Current projects include the annual Bang on a Can Marathon; The People’s Commissioning Fund, a membership program to commission emerging composers; the Bang on a Can All-Stars, who tour to major festivals and concert venues around the world every year; recording projects on Cantaloupe Music; the Bang on a Can Summer Music Festival at MASS MoCA — a professional development program for young composers and performers led by today’s pioneers of experimental music; Asphalt Orchestra, Bang on a Can’s extreme street band that offers mobile performances re-contextualizing unusual music; Found Sound Nation, a new technology-based musical outreach program now partnering with the State Department of the United States of America to create OneBeat, a revolutionary, post-political residency program that uses music to bridge the gulf between young American musicians and young musicians from developing countries; cross-disciplinary collaborations and projects with DJs, visual artists, choreographers, filmmakers and more.

Each new program has evolved to answer specific challenges faced by today’s musicians, composers and audiences, in order to make innovative music widely accessible and wildly received.
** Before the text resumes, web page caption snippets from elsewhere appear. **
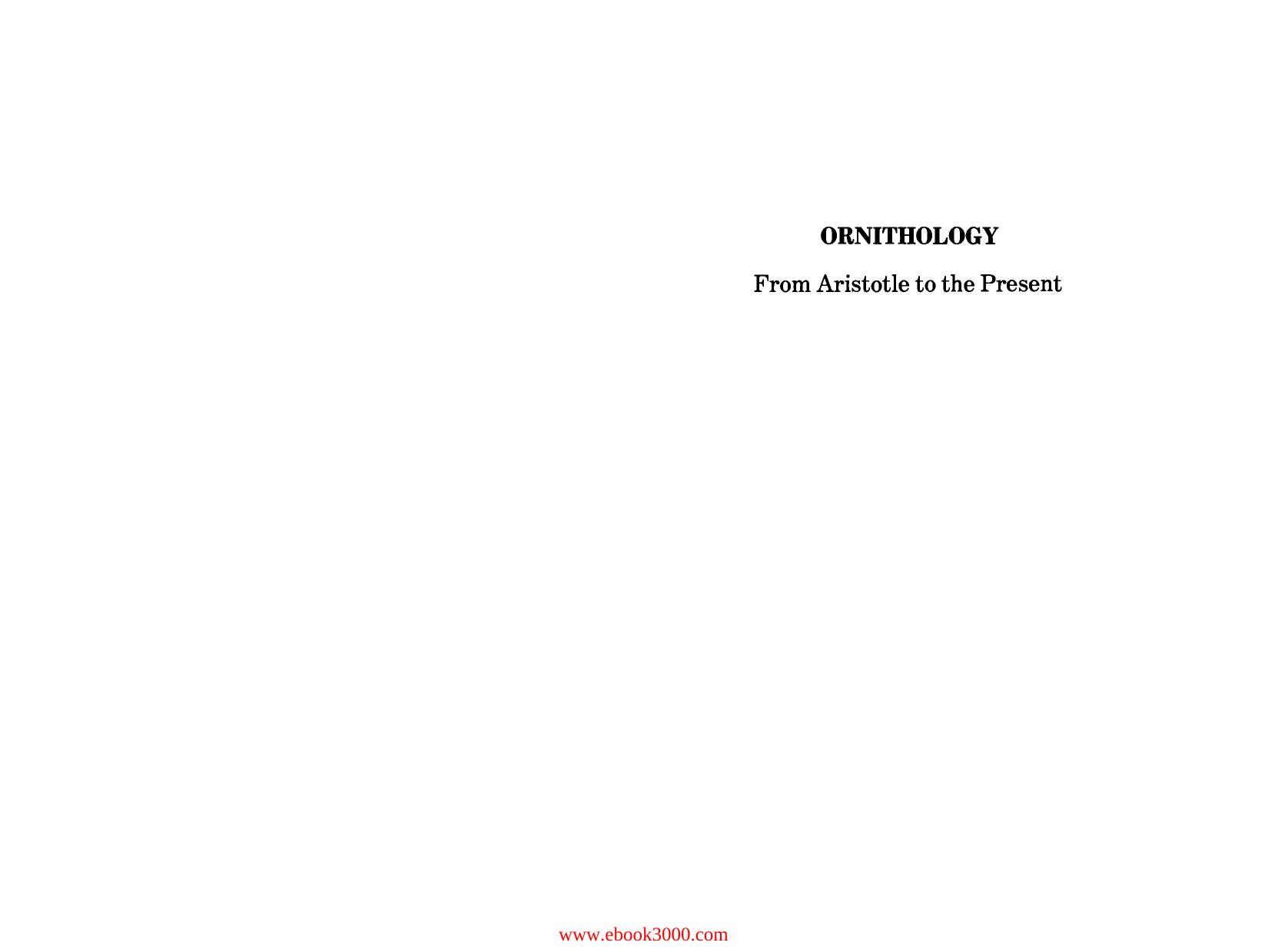 Ornithology from Aristotle to the Present by Unknow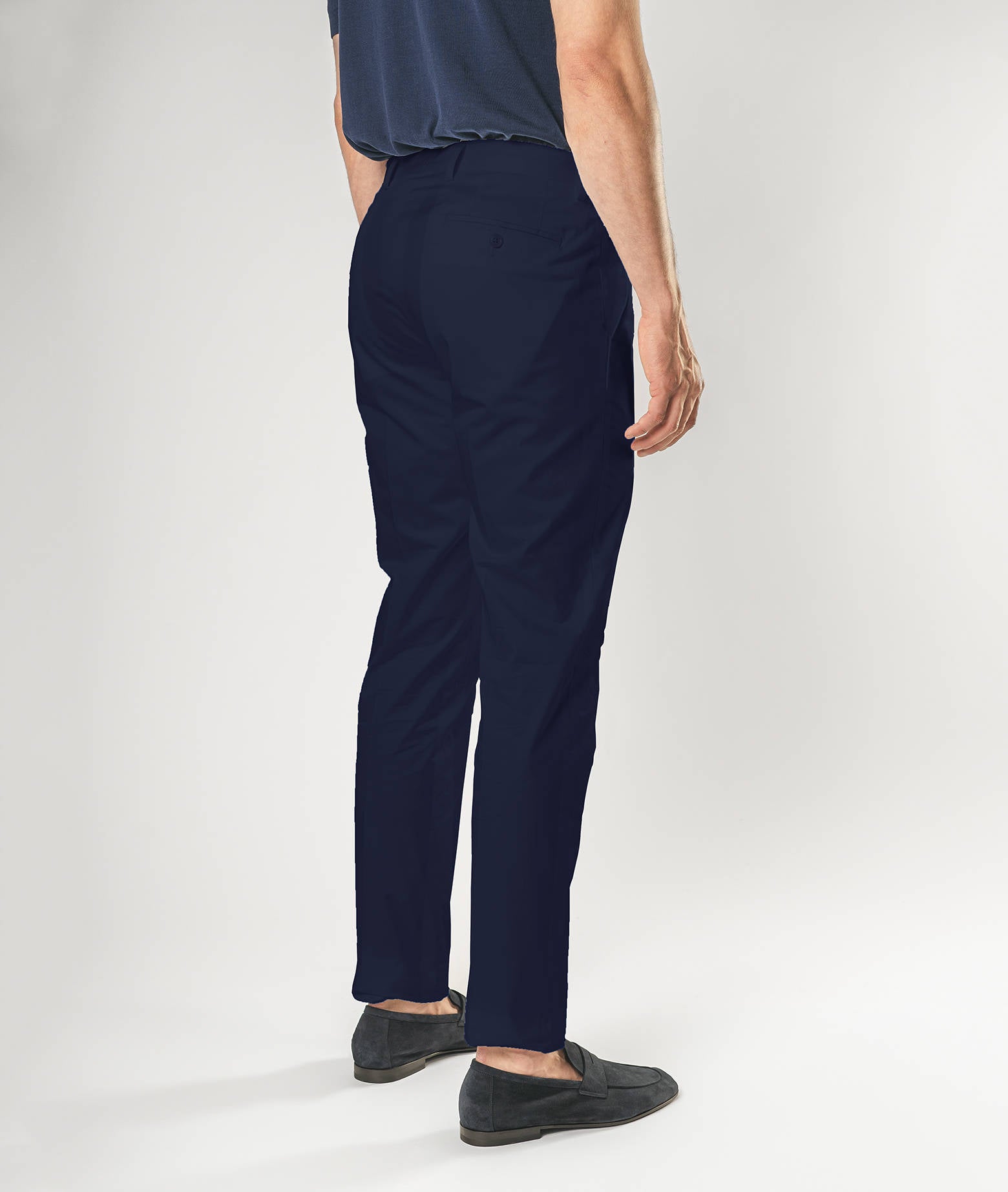 Cotton Chino Barthelemy White Trousers No Pinces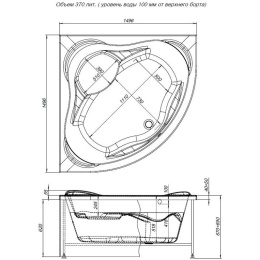 Акриловая ванна 150x150 Aquanet (00179806), Четверть круга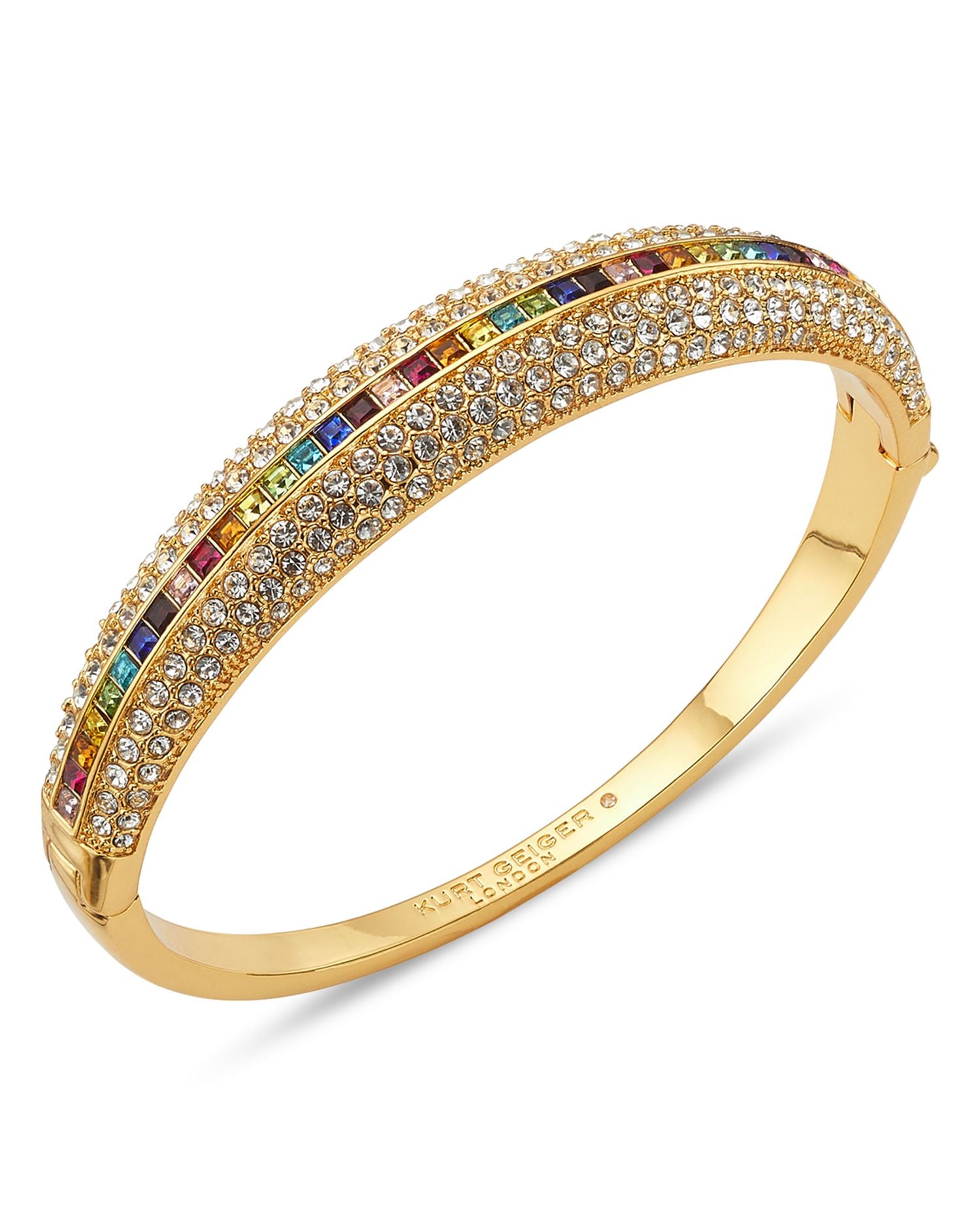 Pavé Dome Multicolor Crystal Bangle Bracelet in Gold Tone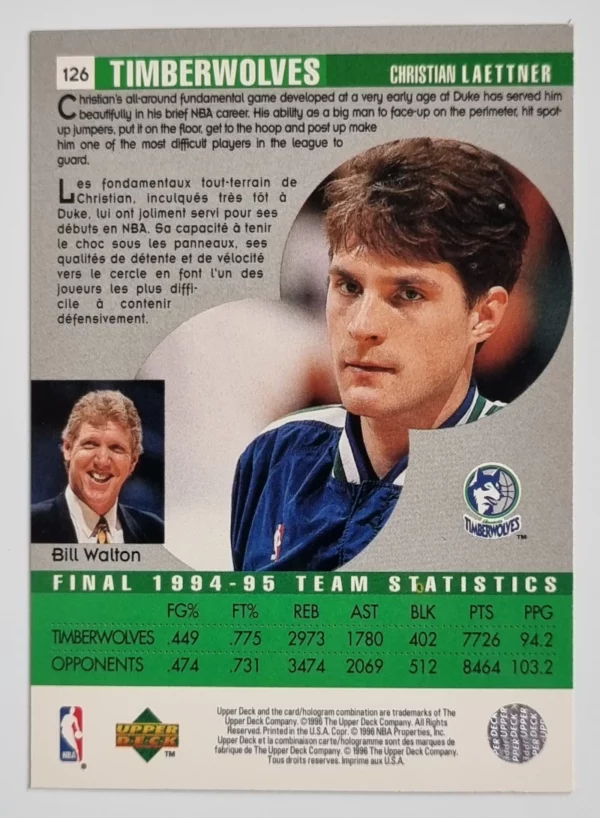 1995-96 Collector's Choice International French II #126 Christian Laettner SR – Image 2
Bang on a Can’s inventive and aggressive approach to programming and presentation has created a large and vibrant international audience made up of people of all ages who are rediscovering the value of contemporary music.

General admission to the Green Guest Artist Series is $20; tickets for seniors, children and all students are free. For online purchases, visit music.depauw.edu.

The GCPA box office also will be open 90 minutes prior to the performance in the Green Center for the Performing Arts (605 S. College Ave.). Sale of Green Guest Artist Series season tickets at the Center continues through Sept. 4. Individual ticket sales will begin on Wednesday, Sept. 5.